**TASK INPUT**
= = =

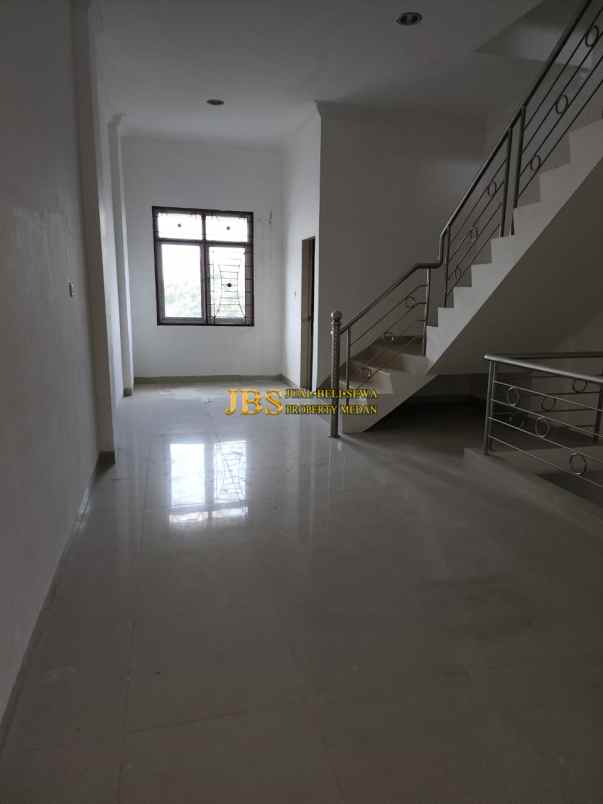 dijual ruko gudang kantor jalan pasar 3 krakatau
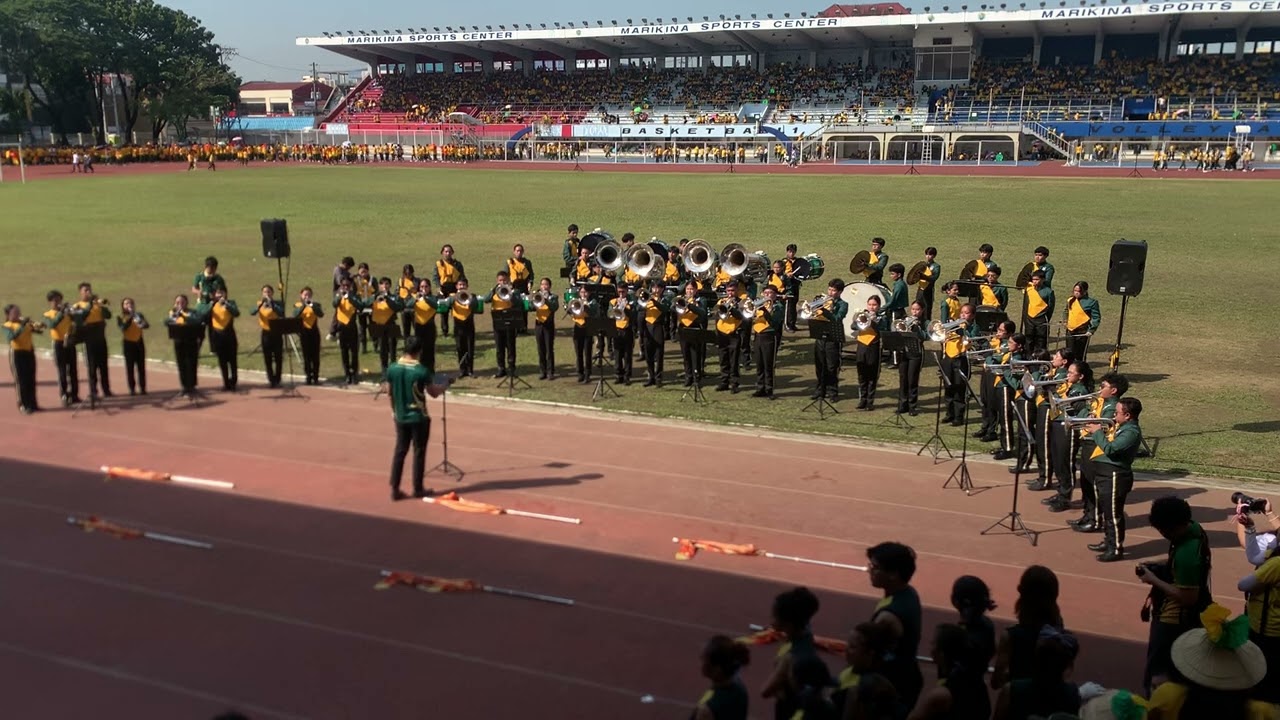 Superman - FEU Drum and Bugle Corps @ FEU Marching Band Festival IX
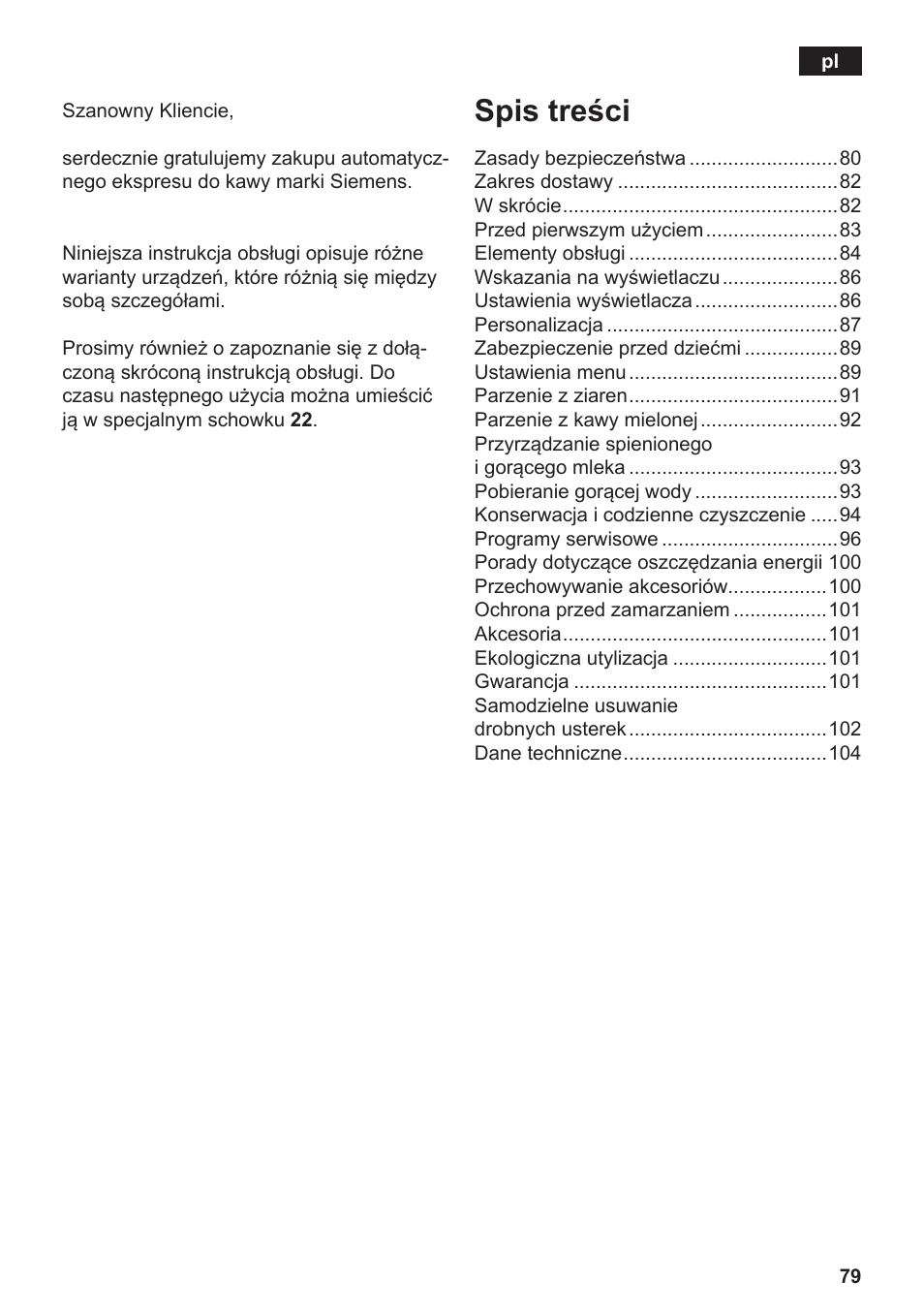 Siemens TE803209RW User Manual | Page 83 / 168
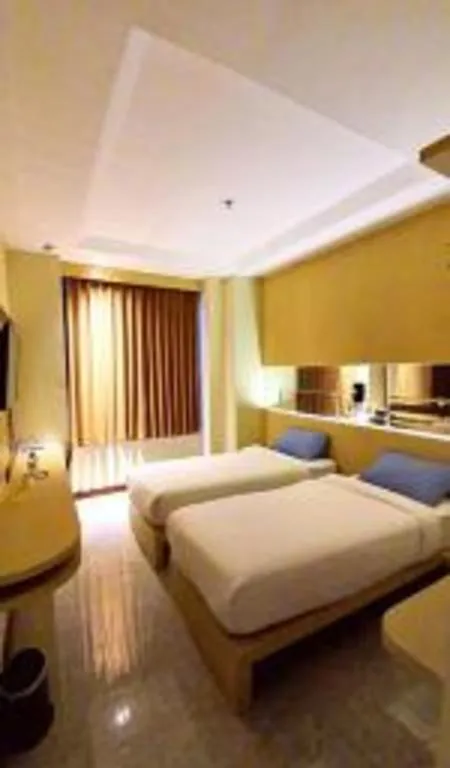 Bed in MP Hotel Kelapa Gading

= = =

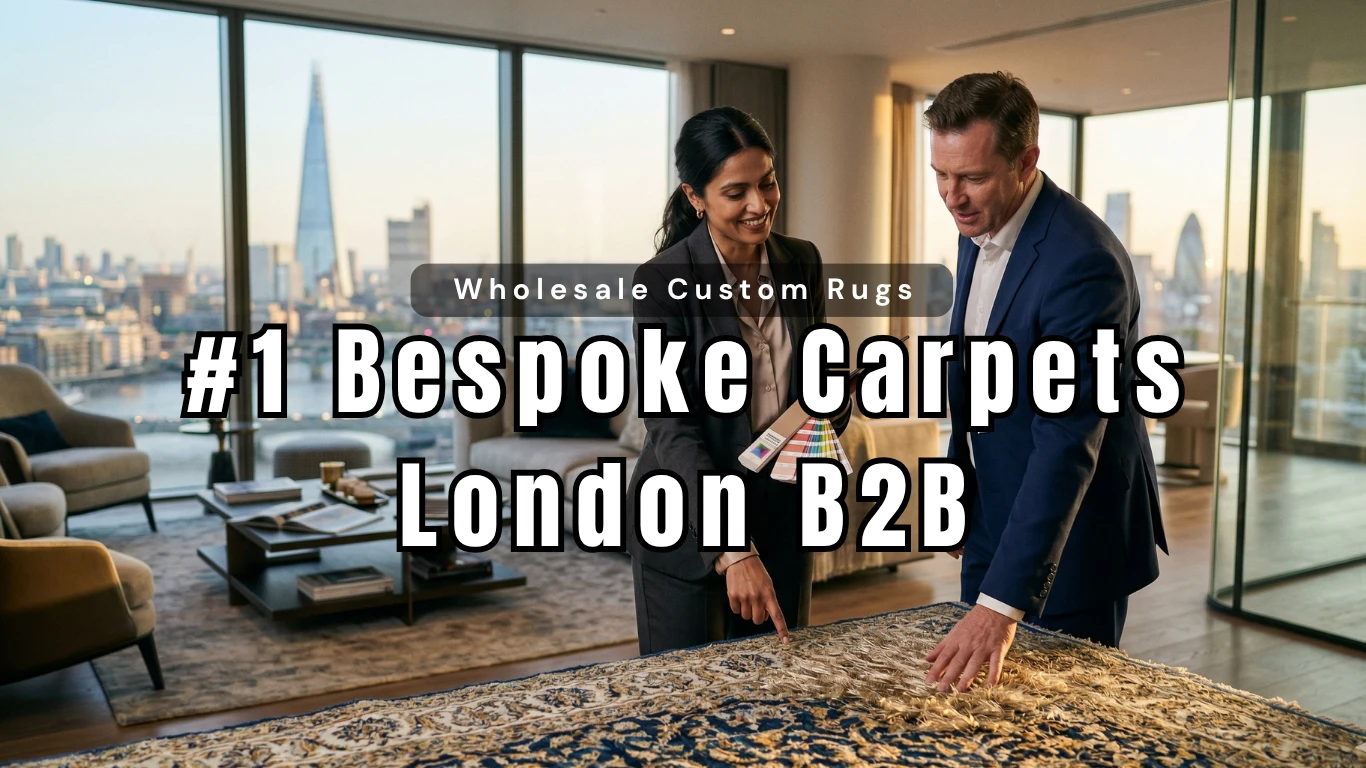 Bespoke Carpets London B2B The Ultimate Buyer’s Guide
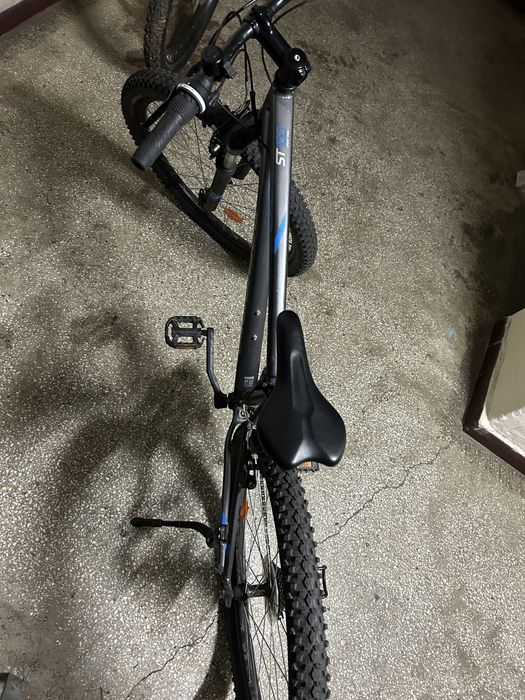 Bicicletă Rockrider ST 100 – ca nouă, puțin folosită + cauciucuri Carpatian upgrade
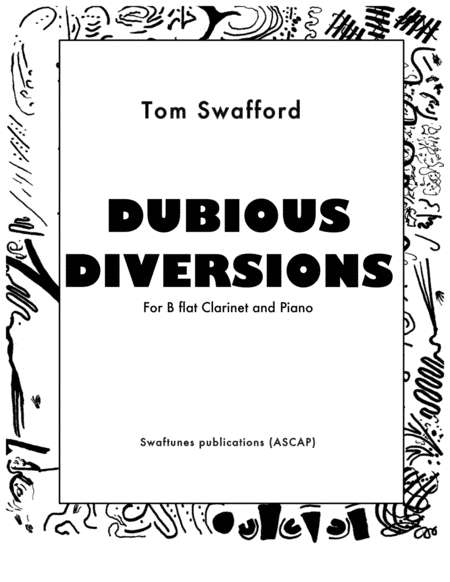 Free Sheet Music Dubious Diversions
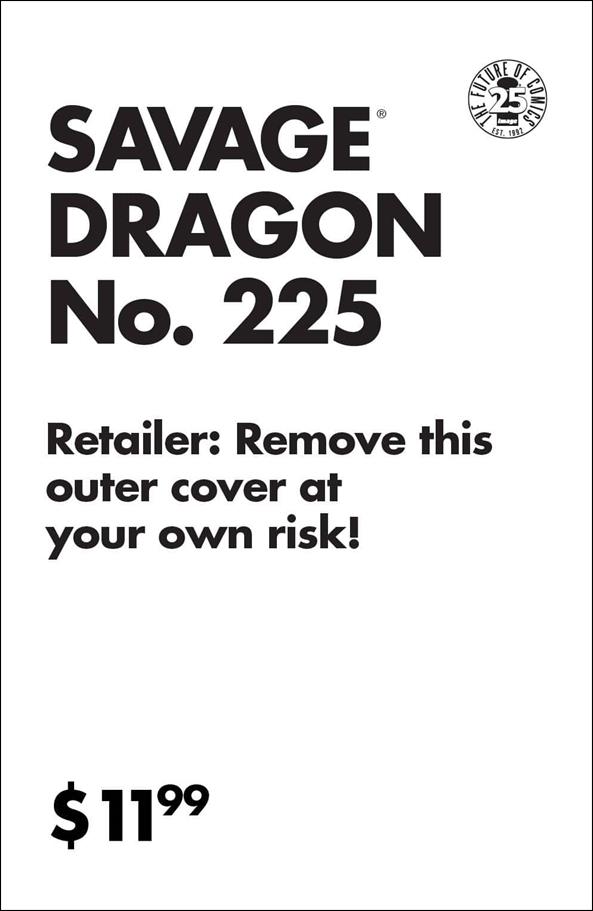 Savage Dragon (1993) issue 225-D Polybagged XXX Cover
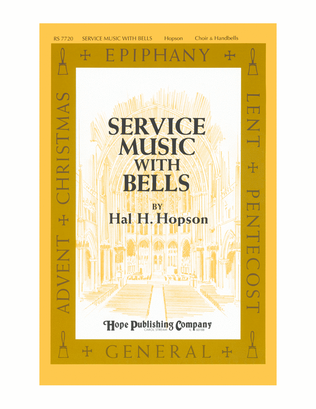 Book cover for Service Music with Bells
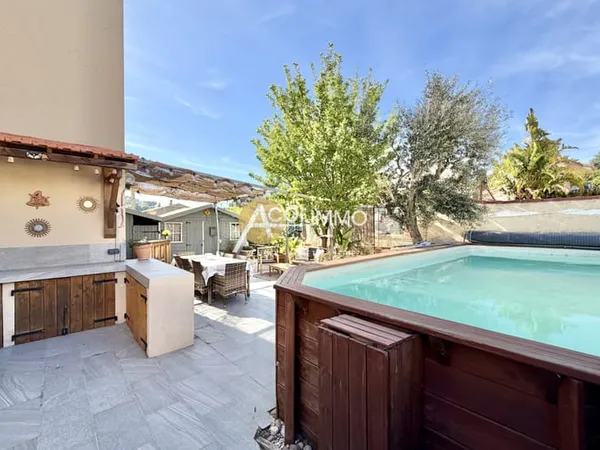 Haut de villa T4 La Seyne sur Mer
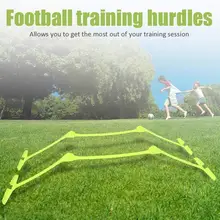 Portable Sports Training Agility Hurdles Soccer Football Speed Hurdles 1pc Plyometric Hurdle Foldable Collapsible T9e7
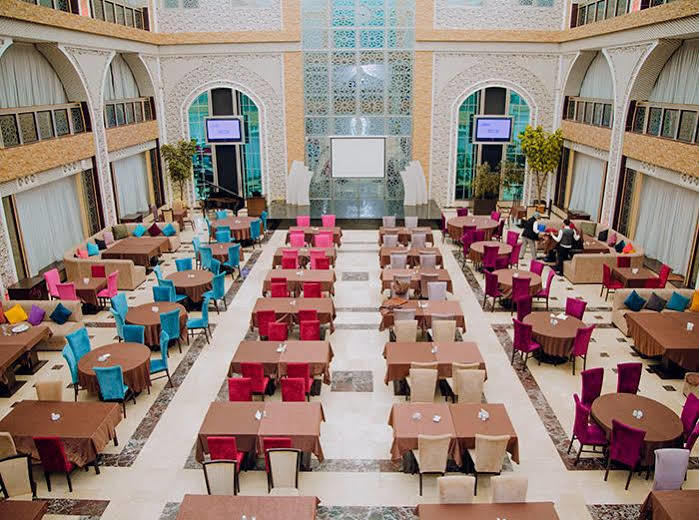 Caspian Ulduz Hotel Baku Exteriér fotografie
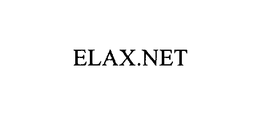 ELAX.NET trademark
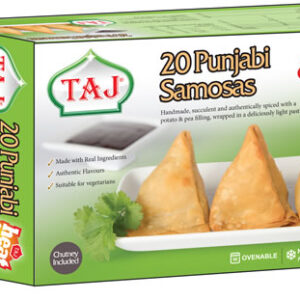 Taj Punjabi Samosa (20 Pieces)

= = =

**WORK ORDER**
Could you write out exactly the lines of the data above that run from the one holding "dijual ruko gudang" to the one holding "Bed in MP Hotel Kelapa Gading", with both ends in and all pictures out?

**ANSWER BOX**
 dijual ruko gudang kantor jalan pasar 3 krakatau
 Superman - FEU Drum and Bugle Corps @ FEU Marching Band Festival IX
 Siemens TE803209RW User Manual | Page 83 / 168
 Bed in MP Hotel Kelapa Gading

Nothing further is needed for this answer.